**EXERCISE INPUT:**
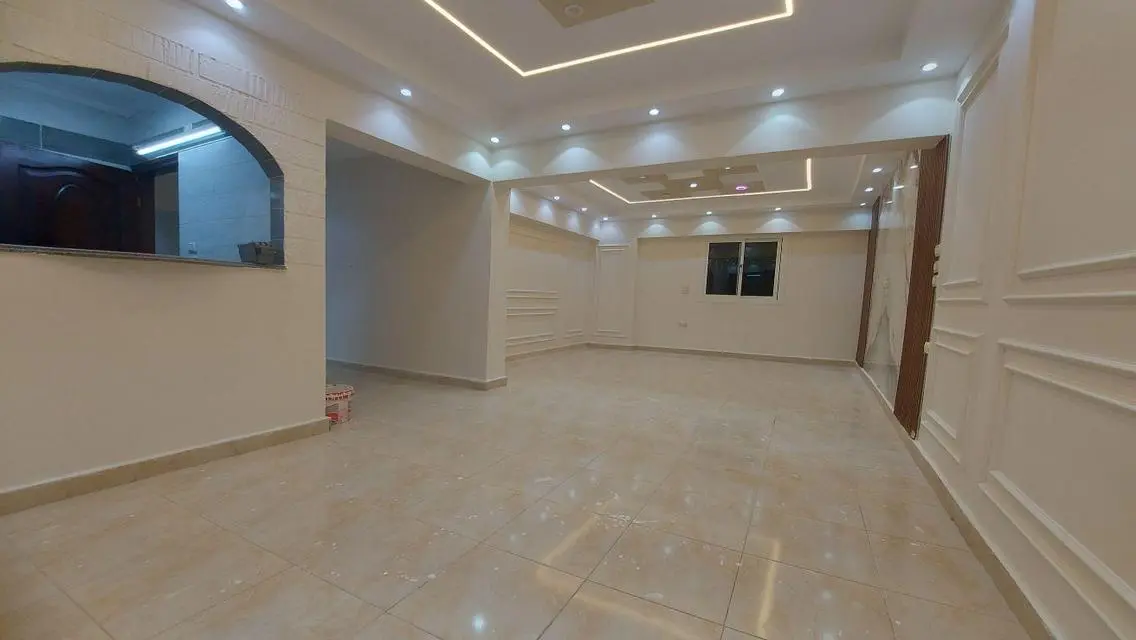 Luxury Apartment for Sale in the Heart of the City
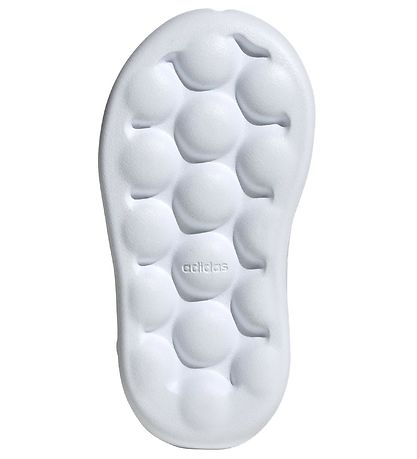 adidas Performance Sko - Advantage CF I - Hvid/Grøn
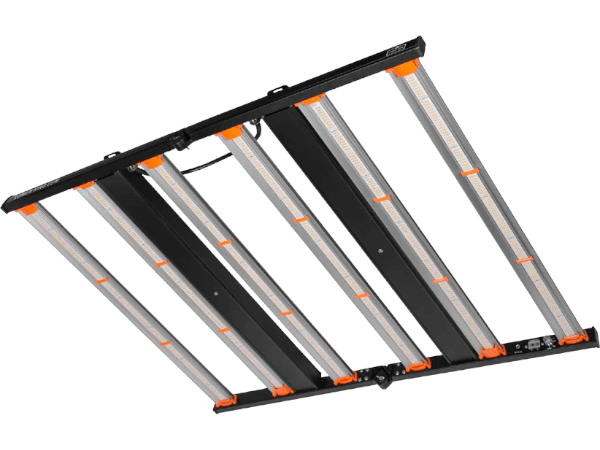 Lumen King LED Kweeklamp 630W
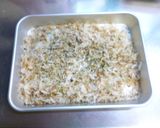 豆腐の鰹まぶし焼き作り方2写真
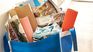 With these tips, you can reuse many things from your home. With these tips, you can reuse many things from your home.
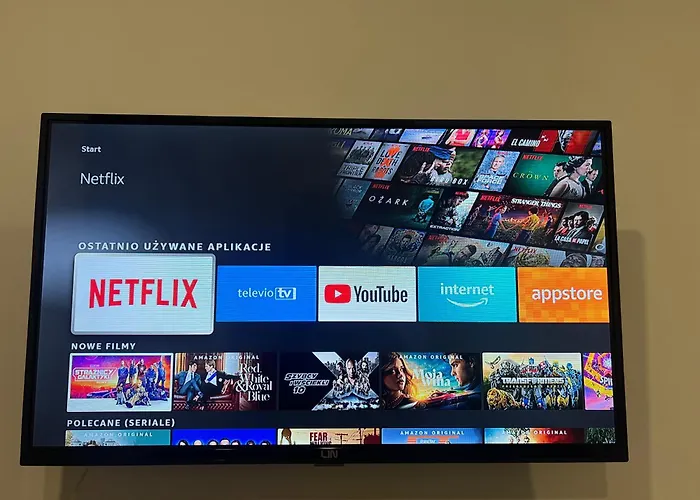 Apartmentsbymatyrafa-ix דירה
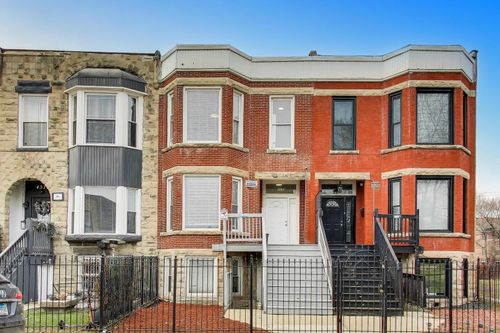 4330 S Langley Ave, Chicago, IL, 60653-3523 | Card Image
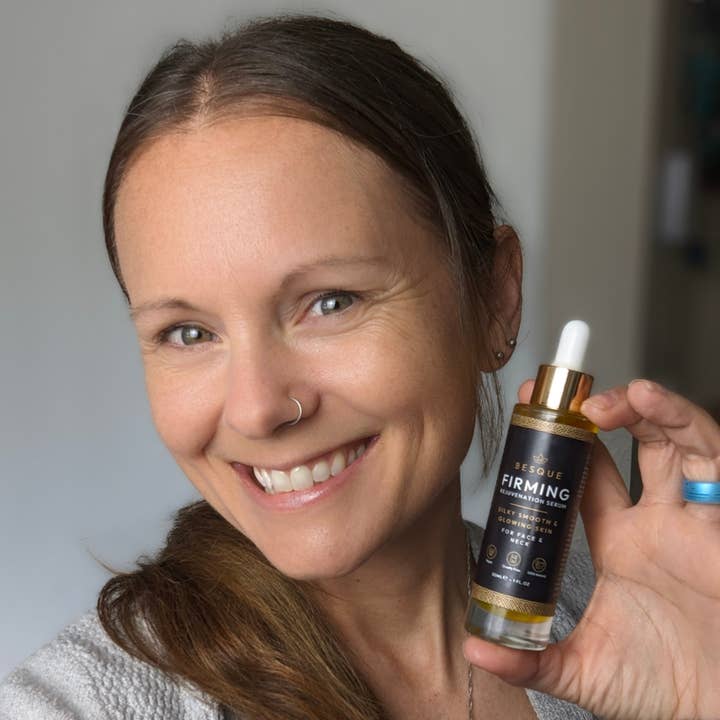 BESQUE - Venta al por mayor Sérum facial - Sérum facial reafirmante y rejuvenecedor3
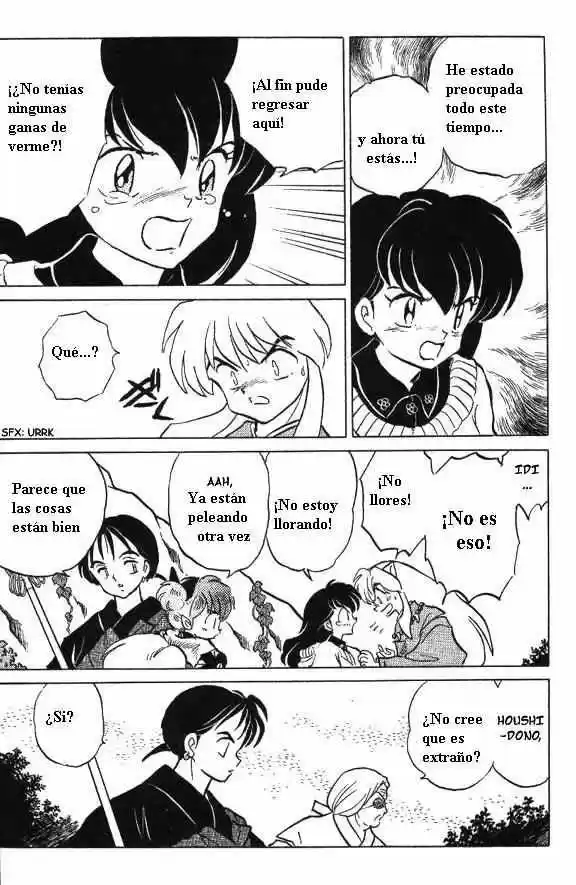 Inuyasha (1996) - Capítulo 70 - Página 12 - LectorTMOo
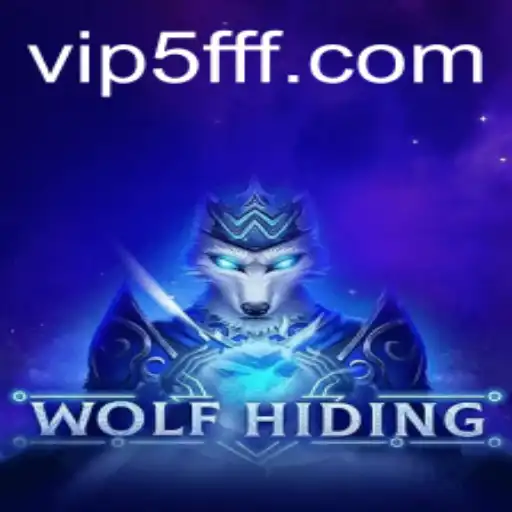 Descubra o Mundo Fascinante do Jogo WolfHiding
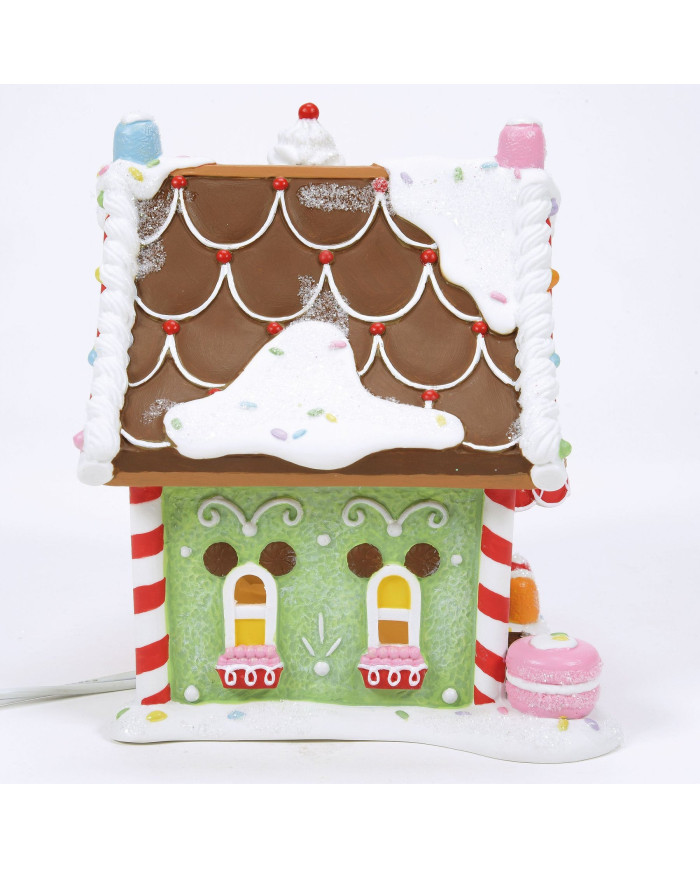 Disney Village - La Villa Mentholée de Mickey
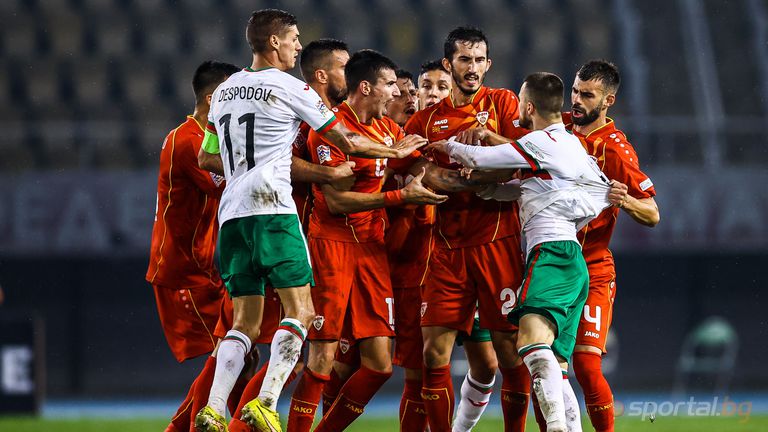Българският футболен съюз информира феновете на националния отбор желаещи да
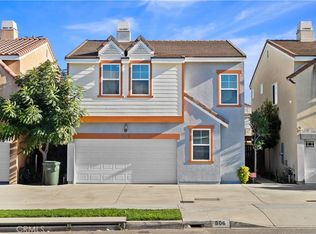 806 Kinbrae Ave, Hacienda Heights, CA 91745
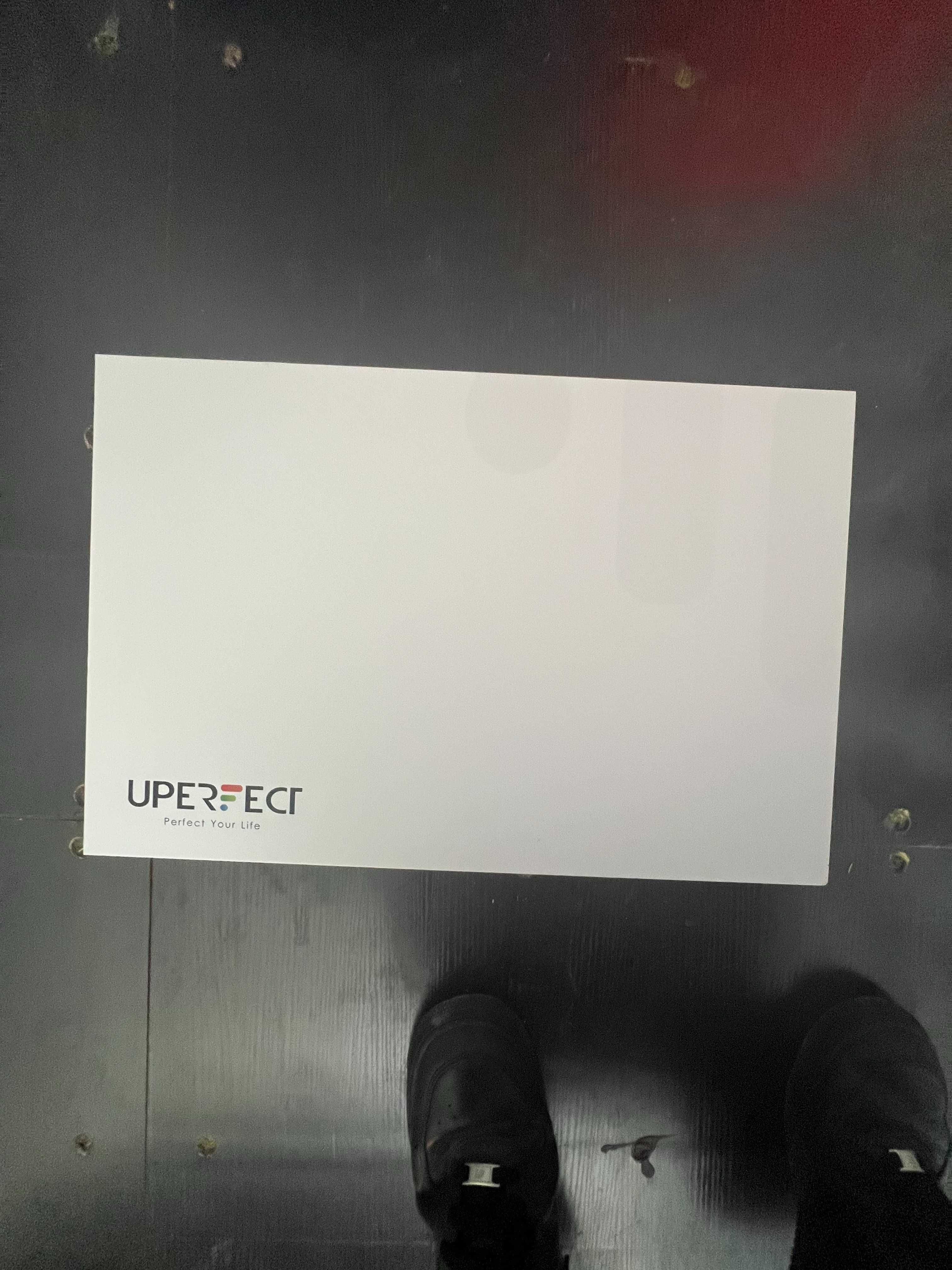 UPERFECT UStation Δ / Delta Plus подреждащ се монитор, лаптоп,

**REQUIRED WORK:** The records above must be repeated exactly, minus their pictures.

**ANSWER SPACE:**
 Luxury Apartment for Sale in the Heart of the City
 adidas Performance Sko - Advantage CF I - Hvid/Grøn
 Lumen King LED Kweeklamp 630W
 豆腐の鰹まぶし焼き作り方2写真
 With these tips, you can reuse many things from your home. With these tips, you can reuse many things from your home.
 Apartmentsbymatyrafa-ix דירה
 4330 S Langley Ave, Chicago, IL, 60653-3523 | Card Image
 BESQUE - Venta al por mayor Sérum facial - Sérum facial reafirmante y rejuvenecedor3
 Inuyasha (1996) - Capítulo 70 - Página 12 - LectorTMOo
 Descubra o Mundo Fascinante do Jogo WolfHiding
 Disney Village - La Villa Mentholée de Mickey
Българският футболен съюз информира феновете на националния отбор желаещи да
 806 Kinbrae Ave, Hacienda Heights, CA 91745
 UPERFECT UStation Δ / Delta Plus подреждащ се монитор, лаптоп,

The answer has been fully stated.